Ben Lyons (born October 8, 1981) is an American entertainment reporter and sportscaster. He is the co-host of Bonjour Sports Talk on Amazon Prime Video Sports Talk.

Early life
Lyons is the son of entertainment reporter Jeffrey Lyons and the grandson of the American newspaper columnist Leonard Lyons.

Career
Lyons started his own production company in 2002 and produced segments for the TV show, Hip-Hop Nation. In 2004, MTV hired him to co-host Your Movie Show. In 2006, Lyons hosted entertainment segments on The Daily 10. In addition, he began to write a column for E! Online called "The Lyons Den".  Lyons hosted My Family's Got GUTS, on Nickelodeon and has appeared in Disaster Movie and The House Bunny. He is a regular contributor to Good Morning America. In 2012, Lyons left E! and became a correspondent on Extra.  Lyons also joined ESPN as a commentator in 2012.

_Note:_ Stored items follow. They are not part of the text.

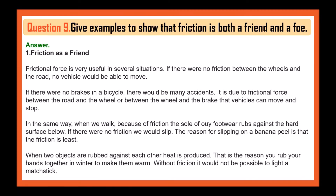Give examples to show that friction is both a friend and a foe. Friction as a friend: Frictional force is very useful in several situations. If there were no friction between the wheels and the road, no vehicles would be able to move. If there were no brakes on a bicycle, there would be many accidents. It is due to frictional force between the road and the wheel, or between the wheel and the brake, that vehicles can move and stop. When we walk, friction between the sole of our foot and the hard surface below prevents us from slipping. The reason for slipping on a banana peel is that friction is least. When two objects are rubbed against each other, heat is produced — that is why we rub our hands together in winter to make them warm. Without friction, it would not be possible to light a matchstick.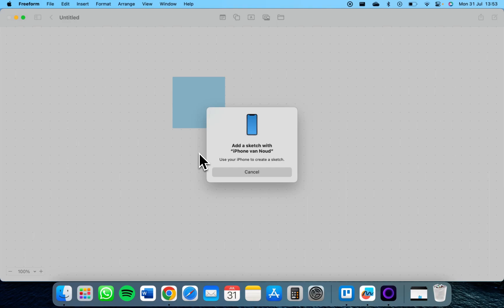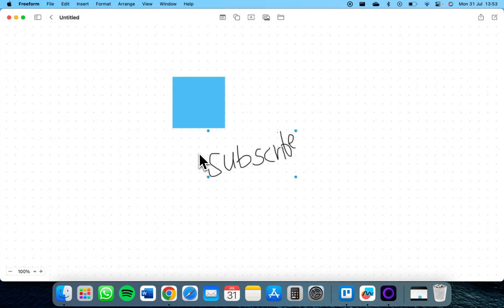in which you can just draw. For example, let's draw 'subscribe' just like this, and then tap on Done.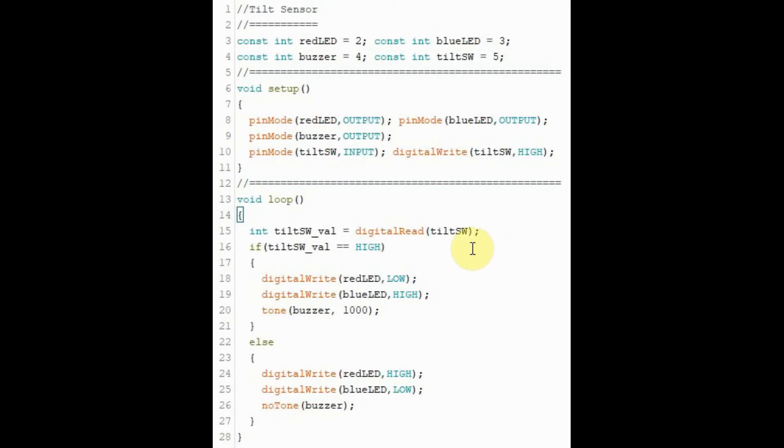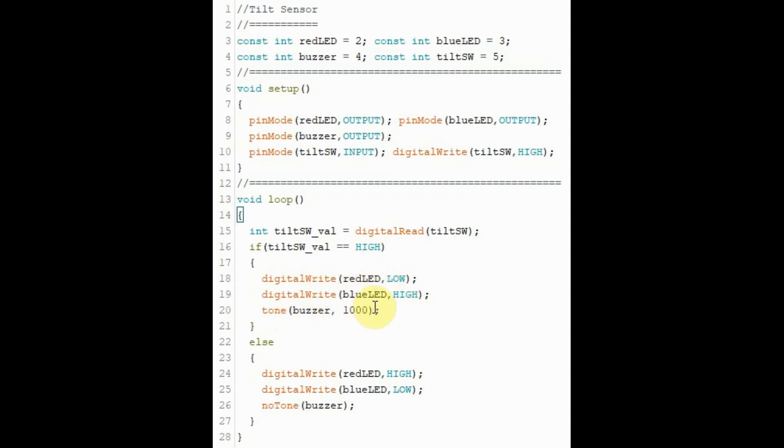The C++ code used in this project is shown here. When the sensor returns a high value, the blue LED is turned on and the red LED is turned off and the buzzer is triggered. When the sensor returns a low value, the red LED is on, the blue LED is off, and the buzzer is turned off.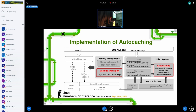The auto-caching layer returns the auto-caching range to the file system, and the file system keeps the range in the superblock memory object. That means we don't need to change the superblock device format — we only keep the auto-caching range in the superblock memory object. After that, the file system knows whether it can use auto-caching.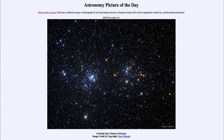Greetings and welcome to the introduction to astronomy. One of the things that I like to do in each of my introductory astronomy classes is to begin the class with the Astronomy Picture of the Day from the NASA website — that is apod.nasa.gov/apod — and today's picture for November 18th of 2020 is titled 'A Double Star Cluster in Perseus.'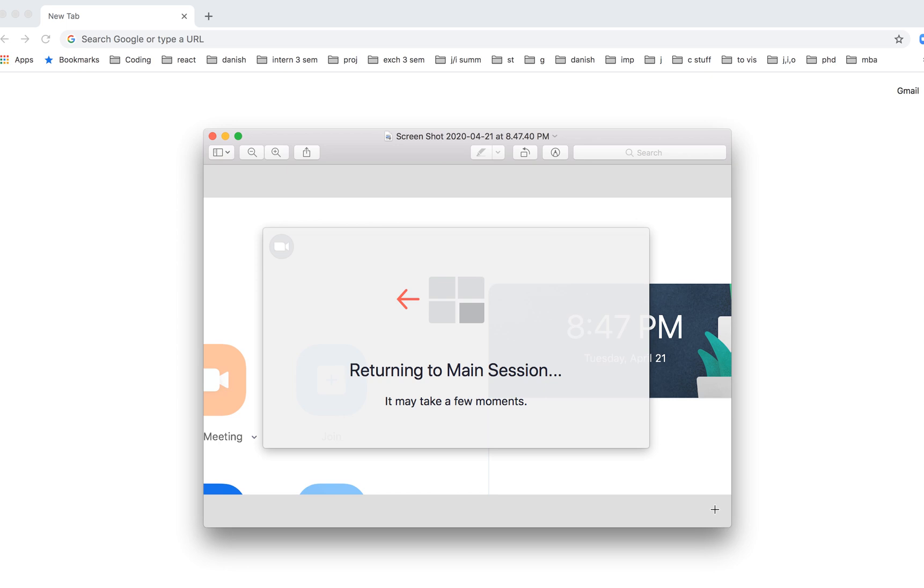And then when you clicked on that, this is what will happen. You will see this kind of screen returning to main session. It may take a few moments. So there you have it, and then you just return to main session in Zoom. Hope that helps.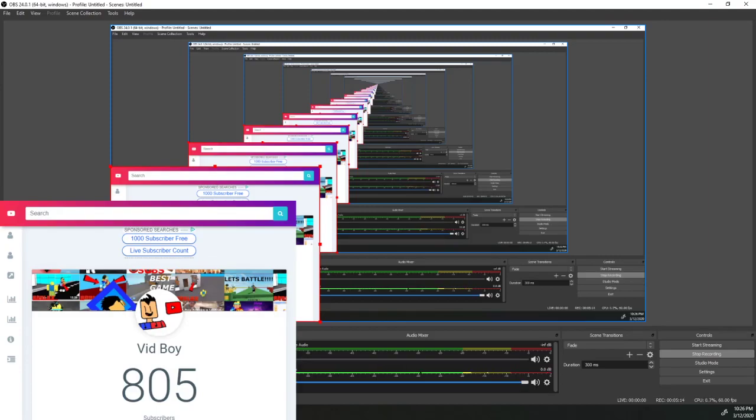But now, there is one problem. I do not want my viewers to see the vidboy, your channel name, or this around. I just want them to see the numbers of how much subscribers. To do that, you're going to right-click on the browser, and you're going to click filters.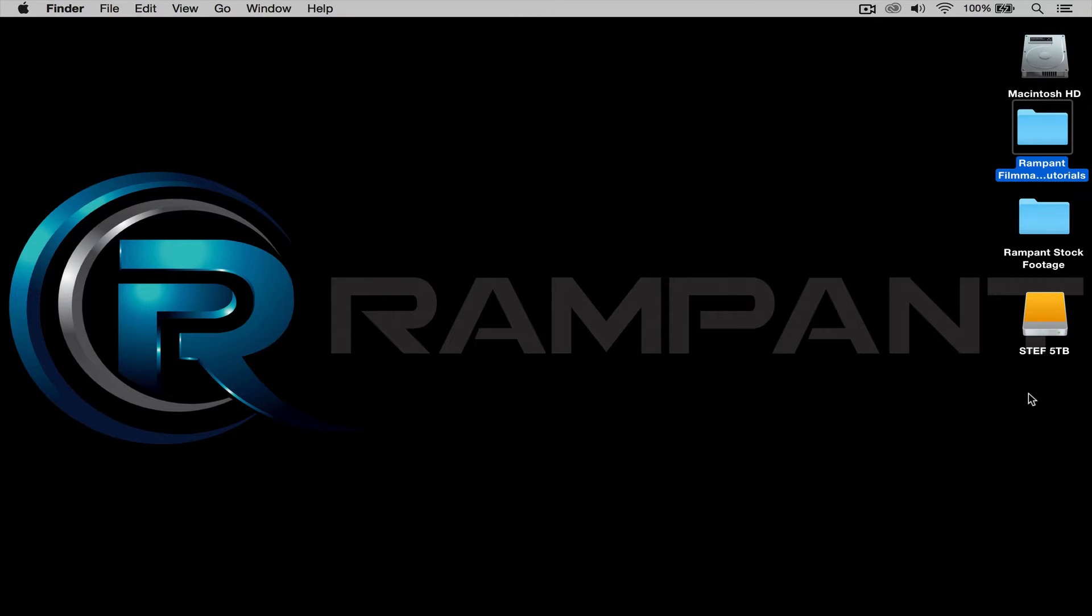Hi! Stephanie Mullen here to quickly show you how to use matte transitions from the Rampant Filmmaker Toolbox in Final Cut Pro X.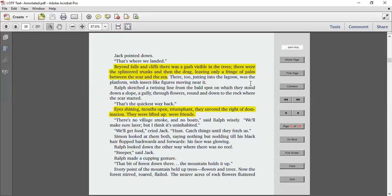Jack pointed down. That's where we landed. Beyond falls and cliffs there was a gash visible in the trees. There were the splintered trunks and then the drag leaving only a fringe of palm between scar and sea. There too, jutting into the lagoon, was the platform with insect-like figures moving near it. Ralph sketched a twining line from the bald spot on which they stood down a slope, a gully, through flowers, round and down to the rock where the scar started.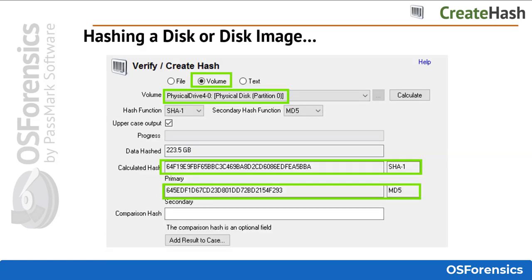To create a hash for a partition, forensic image, or a disk drive, select the Volume radio button and then use the drop-down to select from the available devices.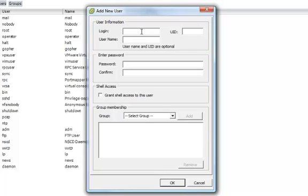Under User Information, for login, we're going to use ESX Admin for this example. Entering in the User Name is optional, as well as the UID. We'll go ahead and put it in the same.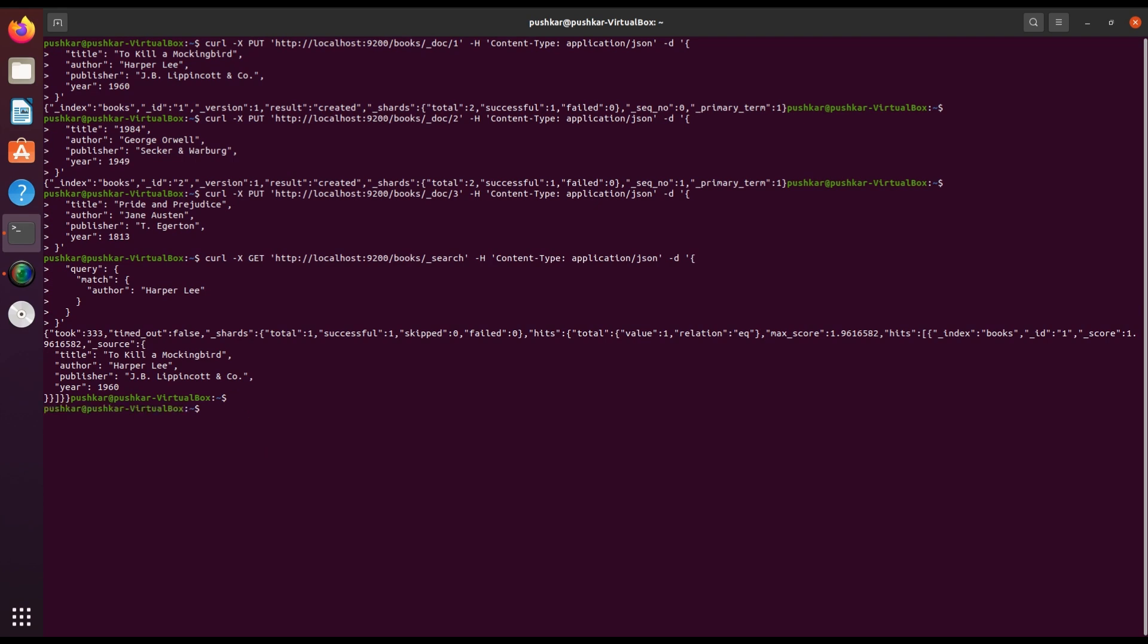Finally, let's filter books based on specific criteria. For example, we want to retrieve books published after 1900, so for that run this command.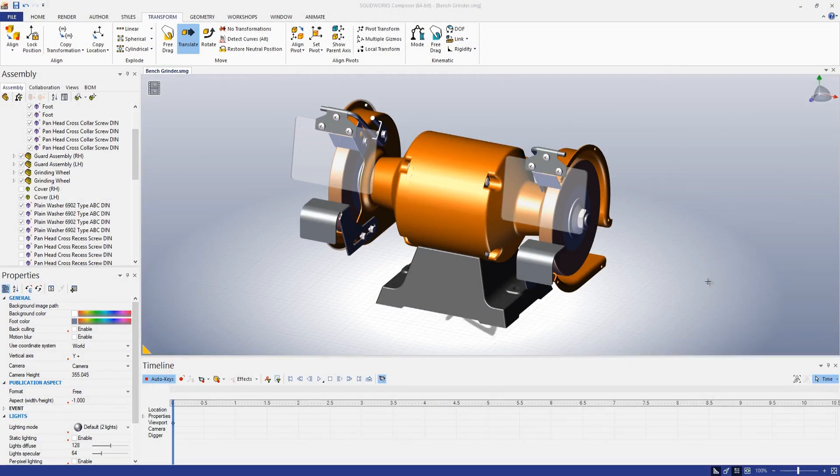Hello, my name is Mike Suiters and I'm an application engineer with Trimec. Today I'd like to show you how to do a simple explode animation using SolidWorks Composer.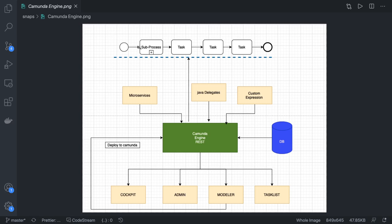You deploy a workflow to the Camunda engine. Externally you hit the POST call to start the process. These process tasks can point to different microservices, a Java delegate class, or a simple custom expression. Each service task is a piece of software — an external service, a Java class, or a custom expression — that executes as part of the workflow. Once each task is done the next one executes, and we can administer everything through the Task List, Admin, and Cockpit.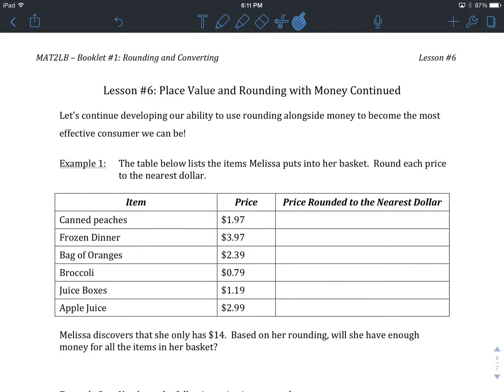Welcome to MAT 2LB Booklet Number 1, Rounding and Converting. Lesson Number 6: Place Value and Rounding with Money Continued. This is a continuation of the work we were doing in the last lesson, where we're starting to use our rounding in the context of money — specifically to keep track and estimate our purchases before we get to a final tally, which can be embarrassing if we end up getting too many things and not having enough money to pay for it.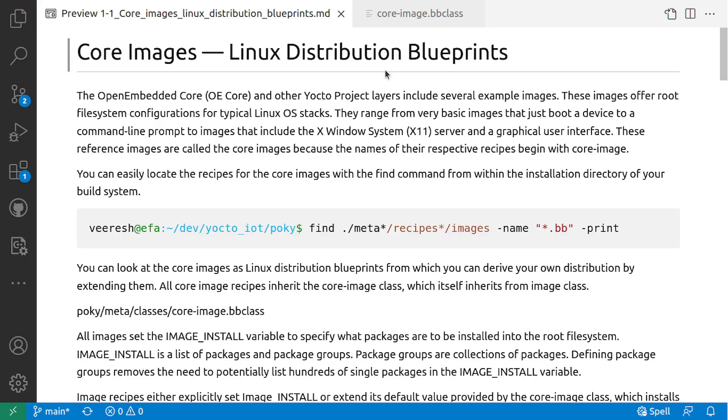Core Images - Linux Distribution Blueprints. The OpenEmbedded Core and other Yocto Project layers include several example images. These images offer root filesystem configuration for physical Linux OS stack. They range from very basic images that just boot a device to a command-line prompt to images that include the X Window System X11 server and graphical user interface. These reference images are called the core images because of their respective recipe names.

In September 2008, Lyons became a co-host of the TV show,  At the Movies. Critics said Lyons lacked a proper understanding of film history, used language that sounded like movie advertising (in order to promote his own profile), and had a conflict of interest with some actors whose movies he reviewed. Roger Ebert gave implied criticism of Lyons in his online blog. Lyons and his co-host, Ben Mankiewicz, were fired from the program less than a year later, in August 2009.

Lyons also hosts a podcast of The Players' Tribune. Lyons is ESPN Sports Commentator. Lyons was named Fathom Events host in April 2016.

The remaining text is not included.